Neig’s soldiers still kept coming. I couldn’t even estimate the numbers. Fifteen thousand? Twenty? Thirty? A dark mass swirled in front of them, streaking through the ranks to the vanguard of the army. The yeddimur.

Curran jumped, clearing the hill in three huge leaps. He kissed me.

“Happy hunting,” I told him.

“You, too.”

He went back down.

I glanced at the mages. Phillip had rounded up every bagpiper in Atlanta. They crowded behind the line of students. The rest of the mages had moved on farther to the left. Phillip caught my gaze and nodded.
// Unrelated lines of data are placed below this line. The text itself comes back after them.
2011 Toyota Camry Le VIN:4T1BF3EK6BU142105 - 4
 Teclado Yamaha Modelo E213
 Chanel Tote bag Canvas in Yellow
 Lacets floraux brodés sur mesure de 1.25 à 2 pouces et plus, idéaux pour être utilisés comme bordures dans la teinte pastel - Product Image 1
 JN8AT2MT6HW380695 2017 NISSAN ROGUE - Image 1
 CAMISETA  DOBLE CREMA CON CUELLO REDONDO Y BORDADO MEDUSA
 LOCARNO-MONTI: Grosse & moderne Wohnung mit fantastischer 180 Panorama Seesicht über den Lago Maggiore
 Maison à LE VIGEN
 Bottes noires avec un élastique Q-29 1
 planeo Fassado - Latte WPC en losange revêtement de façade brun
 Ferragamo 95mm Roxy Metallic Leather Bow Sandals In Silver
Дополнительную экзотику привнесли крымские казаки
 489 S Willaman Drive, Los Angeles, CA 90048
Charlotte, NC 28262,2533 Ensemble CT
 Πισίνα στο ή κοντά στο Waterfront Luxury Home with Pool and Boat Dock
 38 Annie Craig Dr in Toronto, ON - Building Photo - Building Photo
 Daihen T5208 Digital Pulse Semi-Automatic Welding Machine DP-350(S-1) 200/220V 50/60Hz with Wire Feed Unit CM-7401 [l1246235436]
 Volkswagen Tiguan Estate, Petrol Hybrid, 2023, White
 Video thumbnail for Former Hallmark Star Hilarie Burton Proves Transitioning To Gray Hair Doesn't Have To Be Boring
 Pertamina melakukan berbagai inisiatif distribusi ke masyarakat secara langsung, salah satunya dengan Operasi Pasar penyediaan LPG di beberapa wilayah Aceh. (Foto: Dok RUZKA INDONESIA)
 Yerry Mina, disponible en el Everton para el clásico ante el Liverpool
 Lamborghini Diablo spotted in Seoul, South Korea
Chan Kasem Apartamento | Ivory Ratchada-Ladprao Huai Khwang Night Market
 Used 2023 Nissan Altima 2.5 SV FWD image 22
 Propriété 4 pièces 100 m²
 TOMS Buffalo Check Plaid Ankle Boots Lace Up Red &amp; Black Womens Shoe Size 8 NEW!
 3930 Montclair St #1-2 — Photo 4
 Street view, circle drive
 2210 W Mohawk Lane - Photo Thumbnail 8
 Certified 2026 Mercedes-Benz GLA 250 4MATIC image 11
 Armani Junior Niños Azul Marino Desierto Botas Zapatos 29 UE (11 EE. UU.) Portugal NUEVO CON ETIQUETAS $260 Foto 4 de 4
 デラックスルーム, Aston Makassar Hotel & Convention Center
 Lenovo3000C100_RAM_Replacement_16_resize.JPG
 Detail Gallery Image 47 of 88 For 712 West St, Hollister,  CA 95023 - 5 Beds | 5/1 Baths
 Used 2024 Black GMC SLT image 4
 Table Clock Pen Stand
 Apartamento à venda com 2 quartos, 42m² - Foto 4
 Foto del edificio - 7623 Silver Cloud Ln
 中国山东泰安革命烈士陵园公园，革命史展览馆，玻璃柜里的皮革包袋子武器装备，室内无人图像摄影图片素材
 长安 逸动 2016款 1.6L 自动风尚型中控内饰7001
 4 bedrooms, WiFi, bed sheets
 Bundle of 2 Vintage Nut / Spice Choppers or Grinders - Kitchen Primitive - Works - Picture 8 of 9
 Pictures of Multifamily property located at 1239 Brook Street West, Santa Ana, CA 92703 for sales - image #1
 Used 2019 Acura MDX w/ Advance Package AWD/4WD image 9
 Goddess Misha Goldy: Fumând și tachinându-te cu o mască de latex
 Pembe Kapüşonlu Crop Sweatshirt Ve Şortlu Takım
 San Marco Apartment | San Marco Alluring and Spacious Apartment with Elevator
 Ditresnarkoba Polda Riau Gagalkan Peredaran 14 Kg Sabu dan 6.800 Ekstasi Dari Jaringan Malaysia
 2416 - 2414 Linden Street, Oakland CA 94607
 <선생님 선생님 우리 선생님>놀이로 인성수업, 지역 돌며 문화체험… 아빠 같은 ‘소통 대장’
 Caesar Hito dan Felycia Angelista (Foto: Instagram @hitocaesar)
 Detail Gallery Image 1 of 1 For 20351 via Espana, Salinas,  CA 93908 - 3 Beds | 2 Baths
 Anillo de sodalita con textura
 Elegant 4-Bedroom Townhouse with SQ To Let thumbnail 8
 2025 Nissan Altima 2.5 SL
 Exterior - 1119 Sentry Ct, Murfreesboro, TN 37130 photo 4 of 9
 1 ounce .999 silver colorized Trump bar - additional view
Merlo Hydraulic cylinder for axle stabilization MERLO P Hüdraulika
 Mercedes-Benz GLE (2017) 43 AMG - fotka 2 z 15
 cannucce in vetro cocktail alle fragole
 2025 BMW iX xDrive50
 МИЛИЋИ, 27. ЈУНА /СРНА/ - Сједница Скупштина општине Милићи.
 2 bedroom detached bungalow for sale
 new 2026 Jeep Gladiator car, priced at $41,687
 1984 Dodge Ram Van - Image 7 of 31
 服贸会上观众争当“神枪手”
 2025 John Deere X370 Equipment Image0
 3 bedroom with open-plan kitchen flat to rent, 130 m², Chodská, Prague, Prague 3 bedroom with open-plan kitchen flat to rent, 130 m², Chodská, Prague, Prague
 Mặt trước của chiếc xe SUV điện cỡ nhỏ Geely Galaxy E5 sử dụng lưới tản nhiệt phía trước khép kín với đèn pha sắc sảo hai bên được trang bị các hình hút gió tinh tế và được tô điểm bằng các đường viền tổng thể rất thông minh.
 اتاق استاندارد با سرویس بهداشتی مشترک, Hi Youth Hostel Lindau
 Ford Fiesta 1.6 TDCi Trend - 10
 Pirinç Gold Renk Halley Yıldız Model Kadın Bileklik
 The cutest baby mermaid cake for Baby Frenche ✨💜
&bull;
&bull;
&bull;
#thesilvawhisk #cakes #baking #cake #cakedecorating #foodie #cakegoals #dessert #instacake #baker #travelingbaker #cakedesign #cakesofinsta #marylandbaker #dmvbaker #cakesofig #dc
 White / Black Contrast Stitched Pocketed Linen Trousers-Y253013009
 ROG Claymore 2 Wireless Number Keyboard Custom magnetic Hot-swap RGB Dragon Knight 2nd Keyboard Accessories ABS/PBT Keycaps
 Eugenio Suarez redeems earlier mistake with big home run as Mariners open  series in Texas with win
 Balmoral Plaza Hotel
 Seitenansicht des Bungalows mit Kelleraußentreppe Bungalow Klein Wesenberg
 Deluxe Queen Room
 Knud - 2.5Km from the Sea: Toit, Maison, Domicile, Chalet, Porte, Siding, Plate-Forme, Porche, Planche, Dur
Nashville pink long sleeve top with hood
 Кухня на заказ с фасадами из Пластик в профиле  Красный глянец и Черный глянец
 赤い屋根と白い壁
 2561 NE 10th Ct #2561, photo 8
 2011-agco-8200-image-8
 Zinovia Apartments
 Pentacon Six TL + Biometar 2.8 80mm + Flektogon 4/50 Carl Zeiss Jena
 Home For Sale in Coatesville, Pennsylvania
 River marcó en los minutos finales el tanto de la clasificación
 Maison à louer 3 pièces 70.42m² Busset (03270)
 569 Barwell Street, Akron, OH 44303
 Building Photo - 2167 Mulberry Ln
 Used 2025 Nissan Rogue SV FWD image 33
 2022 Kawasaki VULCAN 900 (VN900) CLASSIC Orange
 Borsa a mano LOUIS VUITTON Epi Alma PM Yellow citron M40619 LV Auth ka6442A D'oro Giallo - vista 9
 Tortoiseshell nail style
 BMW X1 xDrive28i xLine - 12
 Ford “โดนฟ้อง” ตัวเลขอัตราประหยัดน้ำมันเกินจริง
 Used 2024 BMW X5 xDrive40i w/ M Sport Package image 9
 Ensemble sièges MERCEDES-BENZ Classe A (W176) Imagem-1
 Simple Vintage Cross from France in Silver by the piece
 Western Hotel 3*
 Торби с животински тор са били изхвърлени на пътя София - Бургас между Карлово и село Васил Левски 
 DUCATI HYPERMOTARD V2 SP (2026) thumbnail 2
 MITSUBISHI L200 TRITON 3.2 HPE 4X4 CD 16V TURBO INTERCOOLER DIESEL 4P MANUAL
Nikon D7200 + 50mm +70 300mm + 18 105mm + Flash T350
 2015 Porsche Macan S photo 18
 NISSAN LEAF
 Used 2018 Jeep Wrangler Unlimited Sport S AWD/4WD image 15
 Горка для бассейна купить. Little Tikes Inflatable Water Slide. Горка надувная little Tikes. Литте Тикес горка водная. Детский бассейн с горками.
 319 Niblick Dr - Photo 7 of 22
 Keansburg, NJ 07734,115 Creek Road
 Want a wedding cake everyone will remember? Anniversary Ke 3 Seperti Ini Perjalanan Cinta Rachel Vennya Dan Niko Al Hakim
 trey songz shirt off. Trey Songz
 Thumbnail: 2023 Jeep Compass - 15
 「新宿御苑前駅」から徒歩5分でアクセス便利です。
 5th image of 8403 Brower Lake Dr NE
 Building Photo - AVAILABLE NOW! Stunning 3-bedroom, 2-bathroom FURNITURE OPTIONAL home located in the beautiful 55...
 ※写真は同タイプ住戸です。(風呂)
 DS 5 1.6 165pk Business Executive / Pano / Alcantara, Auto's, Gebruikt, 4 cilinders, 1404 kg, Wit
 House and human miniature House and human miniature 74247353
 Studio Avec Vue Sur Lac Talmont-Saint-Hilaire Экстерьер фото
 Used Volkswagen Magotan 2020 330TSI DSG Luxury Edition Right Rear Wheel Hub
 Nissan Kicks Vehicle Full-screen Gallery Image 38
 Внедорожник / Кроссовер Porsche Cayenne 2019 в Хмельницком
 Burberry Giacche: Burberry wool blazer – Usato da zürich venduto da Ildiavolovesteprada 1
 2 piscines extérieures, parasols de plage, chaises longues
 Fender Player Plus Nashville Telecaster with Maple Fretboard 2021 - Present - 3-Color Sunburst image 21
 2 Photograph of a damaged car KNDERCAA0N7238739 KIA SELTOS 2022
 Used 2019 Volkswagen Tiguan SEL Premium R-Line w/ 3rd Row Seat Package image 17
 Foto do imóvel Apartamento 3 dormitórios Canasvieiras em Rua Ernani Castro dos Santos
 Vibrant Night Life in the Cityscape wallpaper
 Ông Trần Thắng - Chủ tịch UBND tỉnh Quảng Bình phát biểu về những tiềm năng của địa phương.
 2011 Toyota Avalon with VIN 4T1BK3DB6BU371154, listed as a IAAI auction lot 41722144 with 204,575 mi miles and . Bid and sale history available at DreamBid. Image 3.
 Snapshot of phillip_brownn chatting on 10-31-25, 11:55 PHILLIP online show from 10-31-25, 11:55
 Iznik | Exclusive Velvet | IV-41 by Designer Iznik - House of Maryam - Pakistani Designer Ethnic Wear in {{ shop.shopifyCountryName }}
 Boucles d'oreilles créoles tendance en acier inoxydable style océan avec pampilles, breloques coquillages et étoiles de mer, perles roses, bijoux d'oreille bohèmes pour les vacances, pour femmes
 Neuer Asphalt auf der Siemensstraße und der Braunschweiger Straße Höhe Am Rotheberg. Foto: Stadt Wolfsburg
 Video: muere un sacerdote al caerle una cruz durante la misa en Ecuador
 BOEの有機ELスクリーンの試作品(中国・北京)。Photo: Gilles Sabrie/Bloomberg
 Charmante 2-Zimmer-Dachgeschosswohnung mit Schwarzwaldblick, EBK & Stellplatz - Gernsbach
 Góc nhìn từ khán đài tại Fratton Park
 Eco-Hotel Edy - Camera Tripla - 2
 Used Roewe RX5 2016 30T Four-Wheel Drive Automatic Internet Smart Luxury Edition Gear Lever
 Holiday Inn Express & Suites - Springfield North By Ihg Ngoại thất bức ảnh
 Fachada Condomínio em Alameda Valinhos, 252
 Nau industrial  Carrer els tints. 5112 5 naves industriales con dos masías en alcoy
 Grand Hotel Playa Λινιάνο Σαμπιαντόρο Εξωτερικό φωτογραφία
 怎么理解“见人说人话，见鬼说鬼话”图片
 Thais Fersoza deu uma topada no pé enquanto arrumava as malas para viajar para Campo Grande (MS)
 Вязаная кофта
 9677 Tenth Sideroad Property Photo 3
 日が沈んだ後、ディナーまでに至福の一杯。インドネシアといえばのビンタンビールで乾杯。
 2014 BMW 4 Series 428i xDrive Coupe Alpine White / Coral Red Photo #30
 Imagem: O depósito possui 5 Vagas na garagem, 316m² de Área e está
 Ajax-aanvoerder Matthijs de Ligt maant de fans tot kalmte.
I looked back to the battlefield and waited.

Nick marched up the hill and stopped next to me. “I take it back,” he said.

“Which part?”

“You didn’t exaggerate the threat.”

“Be still my heart. Does that mean you’re ready to believe there is a dragon?”

“I’ll believe it when I see it.”

“You are such an asshole.”

“Takes one to know one. Try not to die, Daniels,” he said.

“You, too. Who would I fight with if you weren’t here?”

The light in the distance blazed bright red. The soldiers parted in two, allowing a chariot to pass between them. It was huge and ornate, and it glowed with pale gold.

“Look, a golden chariot and Dad isn’t here,” I told Erra.